New Deal Demoncrat - weekly indicators. Real estate, M1 & M2, and tax withholding all look fine.

New Deal Demoncrat - every little thing that you say or do, I'm hung up: hung up on you. Hey, it's not my fault you're quoting Madonna, buddy.

Sunday, June 18, 2017

Realistic Mortal Kombat

Somehow I've come across comedy videos at YouTube. I guess they exist!

Friday, June 16, 2017

Friday videos: Jesus and Mary Chain

It would have been better if they'd been murdered by Charlie Manson in 1986:

Hey, they said the same thing about the Rolling Stones.

Thursday, June 15, 2017

economics post

Noah Smith - summing up my thoughts on macro. He seems more hopeful than most. Also,

Noah Smith - is economics a science? Short answer: no. Understanding the long answer would require you to have studied philosophy and structure of science and to have seen some advanced undergrad econ, but basically the long version of the short version of the long answer is again no, at least when it comes to macro.

Basically, macroeconomics never works out of sample, and there is no such thing as a falsifying empirical result that causes you to throw out your theory. They compensate for that fucking joke by saying "oh, well every macro theory is wrong, we know this", which begs the question of why academic macroeconomists always arrogantly asserts that their patent fucking nonsense should inform policy.

From what I've seen, though, economics seems to behave well as a science (a) when it's as far away as possible from politics (like, calculating where your company should hedge prices, or figuring out the demand curve for soybean meal) and (b) when real money is at stake, like doing corporate micro or central bank policy.

But once you put the economist near a politician, he turns into a fucktard.

Thursday news

Some reading stuff:

Calculated Risk - rail traffic increased in May and LA port traffic increased in May. Quit piddling yourself.

FT Alphaville - tech tantrum shows how the market has changed.

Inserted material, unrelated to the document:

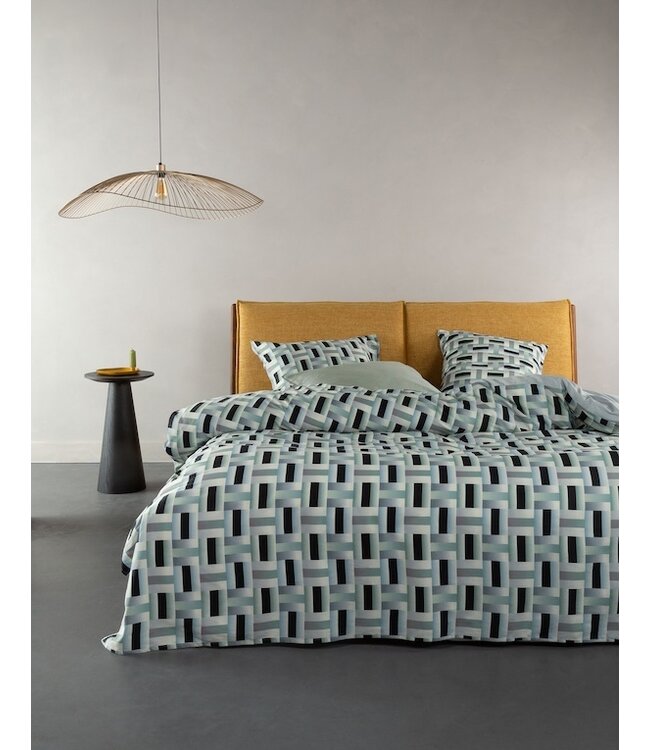 Essenza Ilori Pearl grey dekbedovertrek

Everything's algorithmic now, and the computers tend to all puke stocks at the same point, which explains the nutbar volume bars we're seeing in QQQ. It's as if they want to lose money. Well, maybe it's just that the kids programming these algos are dumb brats who just finished a Master's in quant at university, and they don't actually have a clue about anything.

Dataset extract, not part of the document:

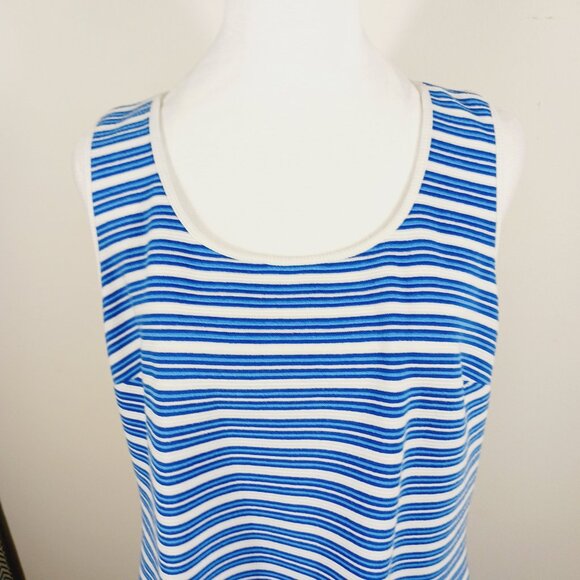 Lilly Pulitzer, Lyla Shift Dress Bay Blue Ottoman Stripe #16817 Sz XL Sleeveless - Picture 9 of 15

NY Times - the Conservative plan to cause the next market crash. Every single thing the party is doing is explicitly intended to destroy the USA.

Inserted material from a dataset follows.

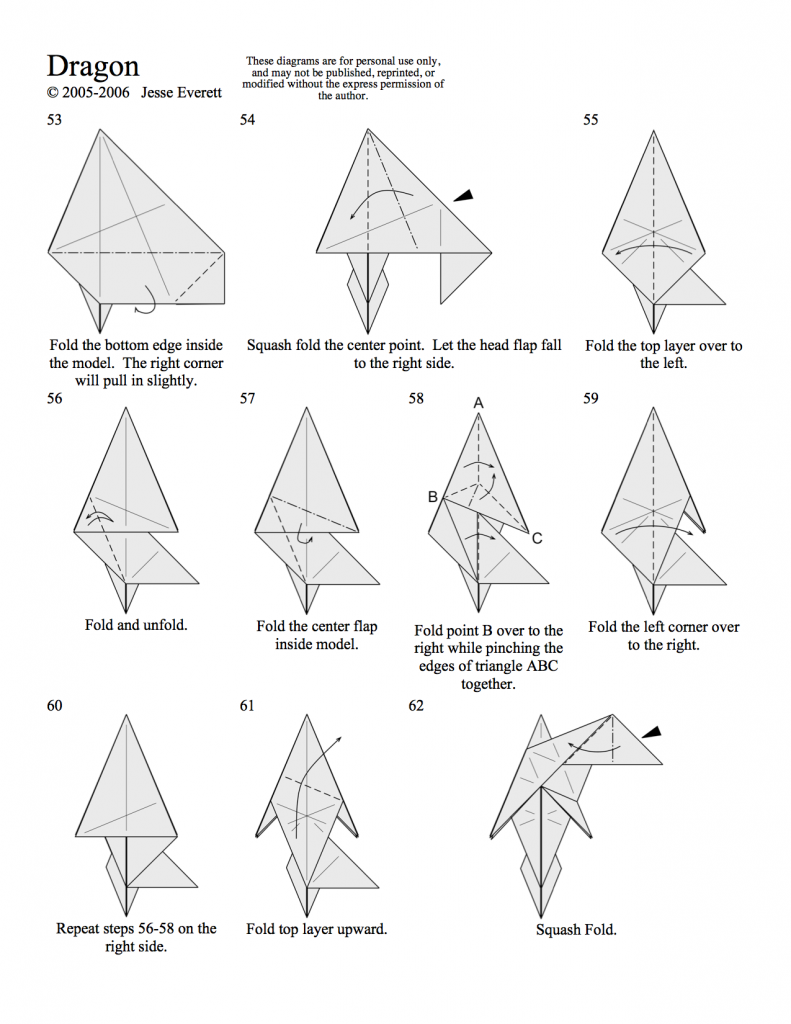 Origami Dragon In Progress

Simon Wren-Lewis - Conservative zugzwang. With the election result, the UK conservatives are now backed into a corner and can't win no matter what they do. Good job!

Wednesday, June 14, 2017

post-Yellen post

Calculated Risk - 25bp rate hike. The only one voting against was Neel Kashkari, who if you remember I was very nasty about a few years ago but who turns out to be the only one on the Fed board who has sufficient common sense.

Gold miners get hammered on a 0.25% rate hike, but what's really weird is people selling SPY down on Yellen's statements.

It's as if it's a dudebro fad or something. Like getting a barbed wire tattoo.

so today, re GDX....

So today, everyone thinks Janet Yellen is going to raise rates another quarter point, despite inflation being nonexistent in the US.

Of course, she has to make her decision based on future expectations a year out, not based on what's happening today.

But all previous one-year-out future expectations that have come from the Fed have proven to be a joke, and maybe at some point the Fed hawks will realize this.

Then again, Trump is supposed to pursue inflationary policy.

But then again, it's not like the Republican House, Senate and WH have demonstrated any ability to accomplish a single fucking thing so far, and who says Trump is even going to be around 6 months from now?

So there's no way to pick a direction.

I would have bought gold miners yesterday at an RSI of 50 and at SMA(200) support, except then I caught myself hoping that the trade would come out positive. If your trade involves hoping for a positive result, you should get the fuck out of that trade.

So I'd like to see what happens today before taking much of a position.